For the detection of salmonellae by PCR, 100-µl samples of pre-enrichment and semiselective enrichment cultures, as well as of cultures of Salmonella typhimurium ATCC 14028 that was always used as positive control, were centrifuged at 14,000 rpm for 1 min. The bacterial pellets were washed once in sterile distilled water, and bacteria lysed in 100 µl of 50 mM NaOH by incubation at 65 C for 15 min (Hahn et al., 2007). One microliter of this lysate was used as template for PCR amplification with primers 139 (5'GTG AAA TTA TCG CCA CGT TCG GGC AA) and 141 (5'TCA TCG CAC CGT CAA AGG AAC C) (Rahn et al., 1992). The PCR was carried out in a total volume of 50 µl containing 10x PCR buffer (500 mM KCl, 25 mM MgCl2, 200 mM Tris/HCl, pH 8.4, 0.1% Triton 100), 1 µl deoxyribo-nucleotide triphosphates (dNTPs) (each 10 mM in 10 mM Tris/HCl, pH 7.5), 0.2 µl Taq polymerase (5 U µl–1), and 1 µl of each primer (100 ng µl–1). After an initial 10-min denaturation at 96 C, and subsequent addition of Taq polymerase (hot-start PCR), 35 rounds of temperature cycling were performed in a PTC-200 Thermocycler (BioRad, Hercules, California, USA) with denaturation at 96 C, primer annealing at 64 C, and elongation at 72 C, each for 30 sec (Malorny et al., 2003). This was followed by incubation at 72 C for 7 min (Hahn et al., 2007).

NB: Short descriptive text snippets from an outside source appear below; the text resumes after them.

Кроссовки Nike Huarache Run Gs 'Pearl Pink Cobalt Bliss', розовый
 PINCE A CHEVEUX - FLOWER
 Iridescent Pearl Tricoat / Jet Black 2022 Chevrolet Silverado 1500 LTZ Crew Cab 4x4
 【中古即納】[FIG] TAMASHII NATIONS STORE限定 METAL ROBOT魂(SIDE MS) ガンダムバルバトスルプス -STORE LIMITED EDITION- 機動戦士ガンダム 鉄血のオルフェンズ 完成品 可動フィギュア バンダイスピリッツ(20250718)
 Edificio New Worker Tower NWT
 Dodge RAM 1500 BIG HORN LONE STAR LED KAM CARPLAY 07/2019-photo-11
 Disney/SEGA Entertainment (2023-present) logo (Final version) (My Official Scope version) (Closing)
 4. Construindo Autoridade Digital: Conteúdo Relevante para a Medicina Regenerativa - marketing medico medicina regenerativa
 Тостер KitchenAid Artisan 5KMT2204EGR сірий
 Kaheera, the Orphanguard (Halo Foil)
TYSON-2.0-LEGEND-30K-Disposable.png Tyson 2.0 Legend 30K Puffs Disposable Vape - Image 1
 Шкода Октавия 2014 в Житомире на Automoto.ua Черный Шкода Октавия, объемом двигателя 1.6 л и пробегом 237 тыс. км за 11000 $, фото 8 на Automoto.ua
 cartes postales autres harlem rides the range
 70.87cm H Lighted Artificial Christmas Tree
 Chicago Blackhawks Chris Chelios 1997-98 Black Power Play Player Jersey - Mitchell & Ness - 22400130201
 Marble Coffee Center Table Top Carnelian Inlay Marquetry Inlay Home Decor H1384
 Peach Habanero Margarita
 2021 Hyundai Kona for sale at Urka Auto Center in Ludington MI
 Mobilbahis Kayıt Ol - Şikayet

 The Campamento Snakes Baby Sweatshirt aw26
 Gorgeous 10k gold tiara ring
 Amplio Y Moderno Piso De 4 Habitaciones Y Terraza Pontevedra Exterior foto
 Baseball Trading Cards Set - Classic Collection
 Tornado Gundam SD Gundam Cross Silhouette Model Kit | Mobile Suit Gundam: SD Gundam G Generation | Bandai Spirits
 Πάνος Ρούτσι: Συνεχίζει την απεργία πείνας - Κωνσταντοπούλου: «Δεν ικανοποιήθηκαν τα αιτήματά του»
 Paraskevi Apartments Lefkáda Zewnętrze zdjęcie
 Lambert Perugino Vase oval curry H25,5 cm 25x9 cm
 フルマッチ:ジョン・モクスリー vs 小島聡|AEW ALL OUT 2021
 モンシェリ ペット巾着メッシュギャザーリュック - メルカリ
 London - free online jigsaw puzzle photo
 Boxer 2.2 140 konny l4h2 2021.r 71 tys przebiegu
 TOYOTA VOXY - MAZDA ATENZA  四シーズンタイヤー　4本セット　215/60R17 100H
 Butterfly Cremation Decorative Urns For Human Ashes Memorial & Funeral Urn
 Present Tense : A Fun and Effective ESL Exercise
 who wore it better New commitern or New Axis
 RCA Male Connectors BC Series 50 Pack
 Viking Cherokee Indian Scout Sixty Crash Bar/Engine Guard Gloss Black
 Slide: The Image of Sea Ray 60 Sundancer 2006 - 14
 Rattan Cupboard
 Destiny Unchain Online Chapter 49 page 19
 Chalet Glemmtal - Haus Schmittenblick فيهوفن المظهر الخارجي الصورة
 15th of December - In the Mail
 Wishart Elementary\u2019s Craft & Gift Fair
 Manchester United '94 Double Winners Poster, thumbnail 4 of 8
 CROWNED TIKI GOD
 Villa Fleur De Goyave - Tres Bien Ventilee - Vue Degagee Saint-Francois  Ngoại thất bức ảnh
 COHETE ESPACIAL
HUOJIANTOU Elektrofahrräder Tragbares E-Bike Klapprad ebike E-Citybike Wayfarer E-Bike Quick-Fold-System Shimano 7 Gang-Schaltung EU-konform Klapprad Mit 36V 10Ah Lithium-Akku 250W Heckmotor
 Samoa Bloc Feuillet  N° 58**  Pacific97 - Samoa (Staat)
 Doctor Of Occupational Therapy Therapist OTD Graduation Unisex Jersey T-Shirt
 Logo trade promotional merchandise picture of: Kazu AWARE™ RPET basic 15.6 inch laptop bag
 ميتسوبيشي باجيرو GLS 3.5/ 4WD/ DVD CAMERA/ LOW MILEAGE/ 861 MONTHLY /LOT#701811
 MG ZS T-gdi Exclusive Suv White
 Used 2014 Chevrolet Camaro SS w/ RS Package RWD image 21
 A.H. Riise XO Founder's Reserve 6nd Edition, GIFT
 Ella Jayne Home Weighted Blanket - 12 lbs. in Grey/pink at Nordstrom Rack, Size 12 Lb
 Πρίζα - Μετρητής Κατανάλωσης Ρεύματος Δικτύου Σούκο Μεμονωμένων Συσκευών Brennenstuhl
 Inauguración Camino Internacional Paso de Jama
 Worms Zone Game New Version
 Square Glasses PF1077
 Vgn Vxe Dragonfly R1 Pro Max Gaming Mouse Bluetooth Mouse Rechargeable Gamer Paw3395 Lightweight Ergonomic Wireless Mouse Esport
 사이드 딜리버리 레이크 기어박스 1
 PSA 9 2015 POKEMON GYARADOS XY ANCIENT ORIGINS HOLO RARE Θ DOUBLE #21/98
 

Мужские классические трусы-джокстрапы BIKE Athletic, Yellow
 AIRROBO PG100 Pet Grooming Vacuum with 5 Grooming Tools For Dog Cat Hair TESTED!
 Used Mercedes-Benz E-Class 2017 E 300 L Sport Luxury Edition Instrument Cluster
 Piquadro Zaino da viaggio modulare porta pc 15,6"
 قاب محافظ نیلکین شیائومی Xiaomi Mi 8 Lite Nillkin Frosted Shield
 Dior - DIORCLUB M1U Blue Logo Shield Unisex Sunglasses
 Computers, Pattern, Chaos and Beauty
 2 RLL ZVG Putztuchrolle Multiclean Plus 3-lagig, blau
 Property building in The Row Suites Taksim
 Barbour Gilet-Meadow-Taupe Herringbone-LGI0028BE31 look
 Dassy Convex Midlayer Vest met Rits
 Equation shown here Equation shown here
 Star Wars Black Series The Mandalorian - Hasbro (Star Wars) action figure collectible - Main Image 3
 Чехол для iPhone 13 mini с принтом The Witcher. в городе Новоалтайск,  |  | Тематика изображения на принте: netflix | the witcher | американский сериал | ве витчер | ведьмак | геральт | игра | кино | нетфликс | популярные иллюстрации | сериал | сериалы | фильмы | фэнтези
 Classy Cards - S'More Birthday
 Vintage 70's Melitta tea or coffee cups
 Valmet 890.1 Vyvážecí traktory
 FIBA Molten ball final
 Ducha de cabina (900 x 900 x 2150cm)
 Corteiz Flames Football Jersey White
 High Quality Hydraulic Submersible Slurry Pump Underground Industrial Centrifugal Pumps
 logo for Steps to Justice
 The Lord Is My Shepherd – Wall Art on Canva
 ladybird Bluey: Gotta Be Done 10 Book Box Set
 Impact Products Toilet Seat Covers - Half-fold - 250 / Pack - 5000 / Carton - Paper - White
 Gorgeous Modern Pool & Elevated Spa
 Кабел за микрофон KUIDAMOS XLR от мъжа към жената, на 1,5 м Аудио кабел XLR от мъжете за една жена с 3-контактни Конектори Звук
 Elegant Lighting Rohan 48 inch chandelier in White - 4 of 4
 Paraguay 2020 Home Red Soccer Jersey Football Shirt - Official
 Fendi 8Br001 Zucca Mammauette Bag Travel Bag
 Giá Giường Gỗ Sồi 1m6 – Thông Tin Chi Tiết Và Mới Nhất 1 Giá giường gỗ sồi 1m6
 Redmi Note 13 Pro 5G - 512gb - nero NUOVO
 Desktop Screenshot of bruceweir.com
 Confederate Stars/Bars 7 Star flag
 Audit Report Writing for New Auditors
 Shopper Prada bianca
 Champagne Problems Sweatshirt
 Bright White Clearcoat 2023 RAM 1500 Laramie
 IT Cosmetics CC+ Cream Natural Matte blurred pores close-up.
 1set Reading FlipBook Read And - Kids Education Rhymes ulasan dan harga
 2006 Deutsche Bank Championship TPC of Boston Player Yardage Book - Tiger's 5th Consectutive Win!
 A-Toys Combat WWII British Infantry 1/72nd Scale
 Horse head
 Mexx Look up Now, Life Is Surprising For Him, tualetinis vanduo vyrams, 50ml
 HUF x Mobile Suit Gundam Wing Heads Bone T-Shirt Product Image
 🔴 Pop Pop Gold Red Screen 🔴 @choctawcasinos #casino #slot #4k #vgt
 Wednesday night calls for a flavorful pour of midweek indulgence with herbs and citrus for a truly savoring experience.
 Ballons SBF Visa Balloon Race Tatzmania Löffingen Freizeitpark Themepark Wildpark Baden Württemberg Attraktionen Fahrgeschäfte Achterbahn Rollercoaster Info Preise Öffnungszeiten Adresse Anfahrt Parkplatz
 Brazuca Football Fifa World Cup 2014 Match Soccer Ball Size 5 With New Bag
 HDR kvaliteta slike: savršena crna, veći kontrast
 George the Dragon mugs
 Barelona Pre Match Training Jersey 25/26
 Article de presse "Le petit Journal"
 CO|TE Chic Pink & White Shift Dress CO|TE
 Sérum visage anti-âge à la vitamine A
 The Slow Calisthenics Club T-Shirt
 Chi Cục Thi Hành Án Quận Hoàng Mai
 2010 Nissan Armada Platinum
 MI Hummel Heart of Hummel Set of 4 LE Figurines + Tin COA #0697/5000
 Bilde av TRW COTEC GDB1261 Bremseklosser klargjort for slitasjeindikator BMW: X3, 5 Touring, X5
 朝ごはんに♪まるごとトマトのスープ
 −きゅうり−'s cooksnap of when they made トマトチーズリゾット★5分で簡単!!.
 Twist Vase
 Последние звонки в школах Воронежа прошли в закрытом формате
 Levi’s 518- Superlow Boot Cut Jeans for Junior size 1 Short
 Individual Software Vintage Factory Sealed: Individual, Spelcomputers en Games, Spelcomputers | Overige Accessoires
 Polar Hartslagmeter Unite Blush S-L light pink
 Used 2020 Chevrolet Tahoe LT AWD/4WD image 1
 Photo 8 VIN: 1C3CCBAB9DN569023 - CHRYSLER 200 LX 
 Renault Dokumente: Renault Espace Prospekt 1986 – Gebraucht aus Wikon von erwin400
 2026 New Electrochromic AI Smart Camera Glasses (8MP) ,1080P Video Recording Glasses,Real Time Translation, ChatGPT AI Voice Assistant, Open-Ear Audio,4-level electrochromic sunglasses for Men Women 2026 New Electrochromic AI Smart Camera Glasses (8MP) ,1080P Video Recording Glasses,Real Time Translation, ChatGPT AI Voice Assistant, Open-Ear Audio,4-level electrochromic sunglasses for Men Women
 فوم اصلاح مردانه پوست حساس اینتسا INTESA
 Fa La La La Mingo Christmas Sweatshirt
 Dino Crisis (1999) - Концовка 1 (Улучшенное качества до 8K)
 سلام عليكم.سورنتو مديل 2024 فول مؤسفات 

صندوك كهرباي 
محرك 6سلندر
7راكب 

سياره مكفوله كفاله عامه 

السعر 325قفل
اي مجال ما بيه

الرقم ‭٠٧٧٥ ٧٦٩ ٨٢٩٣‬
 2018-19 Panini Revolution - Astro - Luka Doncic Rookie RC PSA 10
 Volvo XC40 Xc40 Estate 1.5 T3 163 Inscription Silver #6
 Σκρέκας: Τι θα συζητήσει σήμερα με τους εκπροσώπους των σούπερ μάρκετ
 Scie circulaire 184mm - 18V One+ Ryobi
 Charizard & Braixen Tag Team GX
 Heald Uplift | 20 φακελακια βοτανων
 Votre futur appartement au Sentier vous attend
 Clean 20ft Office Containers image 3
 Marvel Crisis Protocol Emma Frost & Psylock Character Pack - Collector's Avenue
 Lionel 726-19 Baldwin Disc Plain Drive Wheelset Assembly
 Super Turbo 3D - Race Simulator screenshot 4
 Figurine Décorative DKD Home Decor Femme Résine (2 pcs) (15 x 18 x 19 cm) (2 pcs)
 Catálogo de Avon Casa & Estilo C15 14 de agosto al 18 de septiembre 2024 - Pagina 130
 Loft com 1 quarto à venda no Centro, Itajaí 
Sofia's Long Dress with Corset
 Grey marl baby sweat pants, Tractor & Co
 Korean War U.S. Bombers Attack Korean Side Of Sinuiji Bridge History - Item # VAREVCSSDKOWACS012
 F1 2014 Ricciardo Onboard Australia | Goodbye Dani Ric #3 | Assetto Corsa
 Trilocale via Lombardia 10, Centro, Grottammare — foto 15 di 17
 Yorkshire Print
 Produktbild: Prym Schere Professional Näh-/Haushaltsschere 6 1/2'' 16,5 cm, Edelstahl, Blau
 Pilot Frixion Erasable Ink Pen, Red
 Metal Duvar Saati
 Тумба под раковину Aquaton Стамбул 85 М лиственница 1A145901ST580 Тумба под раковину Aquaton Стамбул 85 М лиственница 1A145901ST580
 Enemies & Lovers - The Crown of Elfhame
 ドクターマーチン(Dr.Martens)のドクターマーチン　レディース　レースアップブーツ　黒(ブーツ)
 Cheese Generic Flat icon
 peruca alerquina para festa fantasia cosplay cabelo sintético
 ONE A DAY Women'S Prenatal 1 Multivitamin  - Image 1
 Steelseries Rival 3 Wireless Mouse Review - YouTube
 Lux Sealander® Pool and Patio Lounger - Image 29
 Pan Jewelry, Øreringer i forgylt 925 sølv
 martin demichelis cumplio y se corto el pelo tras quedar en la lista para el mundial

Agarose gel electrophoresis (2% agarose in TAE [Trisacetate-ethylenediaminetetraacetic acid] buffer) (Sambrook et al., 1989) of 10-µl subsamples of the PCR did not display amplicons of invA gene fragments in any of the environmental samples, that is, water and sediment samples. These samples remained negative even when inoculum sizes into pre-enrichment medium were increased, for example, from 100 to 500 µl of sediment, and from cells in 1-ml water samples to cells in 100-ml water samples, and two sequential enrichment steps in RVS broth were used. These results corroborate those of our previous study from the spring arm of Spring Lake, where none of the environmental samples were positive for salmonellae (Hahn et al., 2007). Although salmonellae had been recovered from rivers and streams in remote areas without any significant human impacts (Fair and Morrison, 1967; Hendricks and Morrison, 1967; Thomason et al., 1975), our results indicate that neither water nor sediments in both the lotic spring and the lentic slough arm of Spring Lake provide conditions that allow salmonellae to persist in densities that are detectable by our methodology.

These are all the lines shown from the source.